Abductive Analysis: Theorizing Qualitative Research by Iddo Tavory & Stefan Timmermans
Author:Iddo Tavory & Stefan Timmermans [Tavory, Iddo]
Language: eng
Format: epub
Publisher: University of Chicago Press
Published: 2014-09-30T00:00:00+00:00
6: CAUSALITY
We have focused on research-driven theory as a variation-based generalization of observations. Multiple forms of variation allow researchers to craft an abductive generalization that fits observations by specifying common grounds of elements in a set, in relationship to a theoretical framework within which they are comparable. The process of double-fitting theory and observations then leads to an articulation of the kind of case we have. This minimalist account of “theory as generalization,” however, misses perhaps the most coveted aspect of theorizing: explaining why observed events occur. A compelling data analysis not only moves from observations to an abstracted description, but also provides readers with a causal explanation of variation.

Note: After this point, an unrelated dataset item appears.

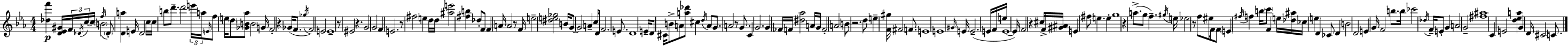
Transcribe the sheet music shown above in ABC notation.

Moving from variation to causality may seem like an unfortunate step. Causality, as many have observed, is a philosophical minefield.1 As the eighteenth-century philosopher David Hume famously argued, causality is, by definition, invisible. We can never see causality—what we see is ongoing changes in the world, and perhaps we recognize some regularities in our observations over time. Upon these observations we then impose a causal structure. In the language of Immanuel Kant, causality is a category of human reason. Moreover, any causal account ignores much of what is happening, providing an overly neat narrative that highlights only what we see as essential for the story. As John Dewey stressed, causality is a logical “slicing” of a continuously changing and complex world, a temporal stream in which cause and effect as regular occurrences that neatly follow one another in time may be abstracted2 but can never be clearly separated.3
And yet focusing on abduction and meaning-making in action already presumes causality. In its most basic form, abduction asks what we should assume to be true to render a surprising observation “a matter of course,” as Peirce put it, implying a sequencing of events influencing each other. Intimately connected to this idea, the definition of meaning-making as iterative semiotic chains that are built on one another also presumes that one iteration of meaning-making shapes the next. Thus, although it may be true that researchers impute causal relations that are invisible, this is an empirical challenge rather than an intractable philosophical dilemma.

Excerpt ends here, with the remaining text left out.